As for Crisp and Drew, Crisp was the likely candidate to be moved. He was hitting .188, the same as former teammate Sizemore, but he was having no impact on the game at the plate. He was a whiz in center, but was that enough to keep rookie Jacoby Ellsbury out of the lineup? It was a nonissue to Francona going into Game 5 because he knew he was going to use reserve outfielder Bobby Kielty against Sabathia, because Kielty had great
numbers against him. He was not willing to change two-thirds of his outfield positions for one game, so Crisp started again—and submitted one of his worst offensive games of the playoffs.
Crisp was able to struggle, though, and not be a headliner the next day. The towel-waving quieted and the World Series parties were put on hold because Beckett, performing like the best pitcher in the game, was at work again. Before he went to work, the sly Midwesterners tried to play with his head. The Indians invited country singer Danielle Peck to sing both the national anthem and “God Bless America.” The attractive brunette was a good choice, based on merit alone. But she wasn’t chosen on merit: the Indians claimed it was just a coincidence that Peck happened to be Beckett’s ex-girlfriend.
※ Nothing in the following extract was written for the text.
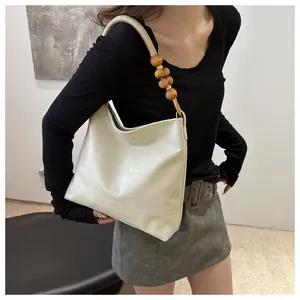Detail of hobo bag featuring soft cream faux leather and decorative wooden beads strap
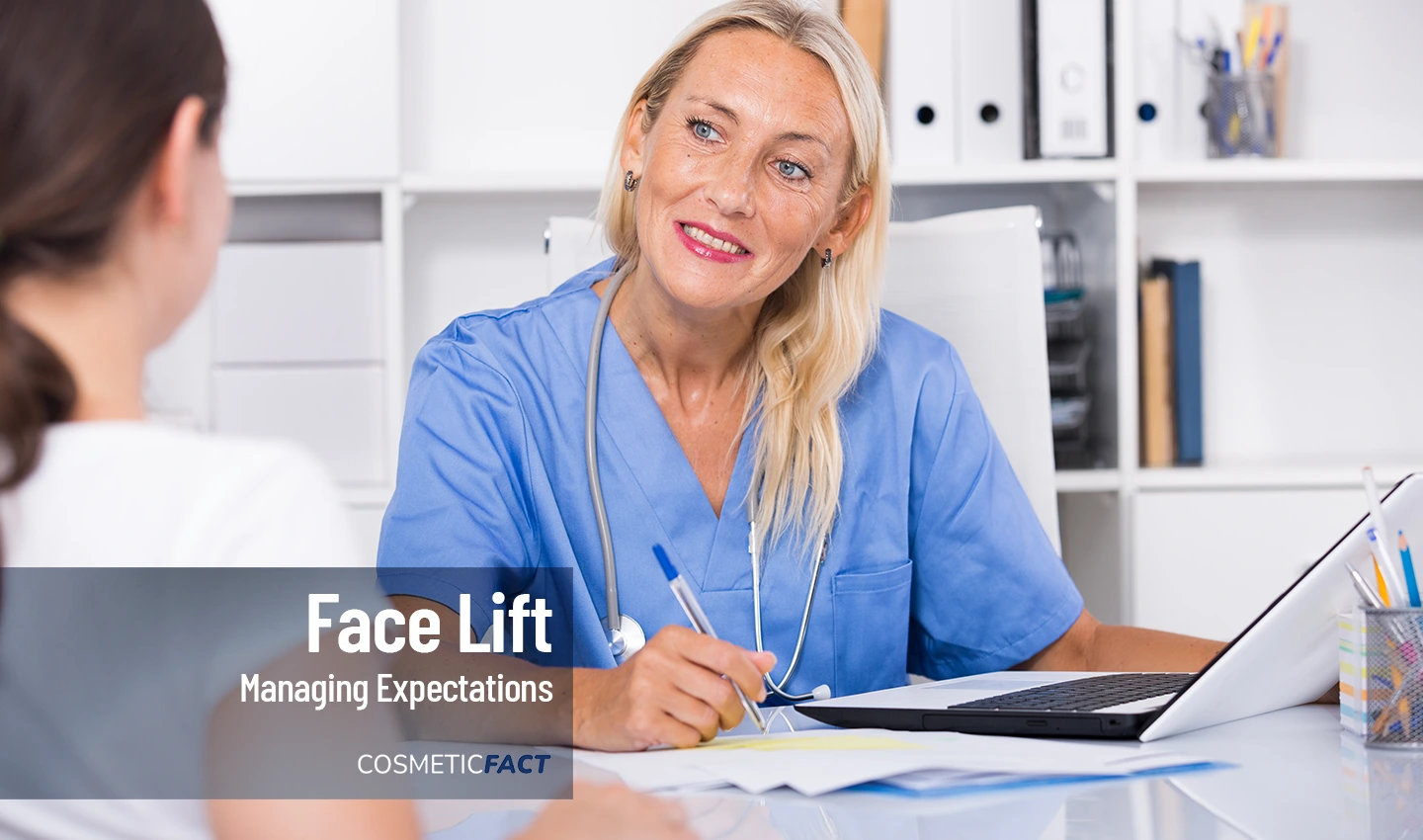 Image of a female plastic surgeon listening to a patient's facelift surgery goals.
They should have known better. She’s a great singer, not hitter. There were two dramatic moments in Game 5, and neither one of them helped the Indians. In the bottom of the third, with Ortiz on first, Ramirez crushed what appeared to be a home run off the top of the right-field wall. As he is wont to do, Manny admired his work, only to learn that the ball hit a yellow strip atop the wall. The ball was in play. The admirer, sheepish now, was stuck at first. He did drive in a run, but he should have at least been on second.
Francona ran out to argue with the umpires, even though he knew that Ramirez should have been running. Francona, standing between first and second with his back to first, got the attention of Indians first baseman Ryan Garko. “Hey,” he said to Garko. “Look over my shoulder and tell me if Manny is still on first.” Garko nodded and put his glove to his mouth to hide a laugh. “Yeah, I thought he was still there,” Francona said, shaking his head.
In the fifth, Beckett got tired of yelling at himself and picked someone new. He chose veteran Kenny Lofton, who apparently
bothered the pitcher by placing his bat down when he thought strike one should have been ball four. After Lofton flied out to left, he ran to first and cut across the field to exchange words with Beckett. The bullpens emptied. Players stood around, and the umpires sent everyone back to their places.
There was no more drama, except for Clevelanders to wonder what happened to Sabathia. He still hadn’t put together a postseason start worthy of someone who was the likely Cy Young Award winner. Was he struggling for the same reason Cy voters would applaud him—the 240 innings pitched? Or was it something that Francona mentioned way back in September—inexperience?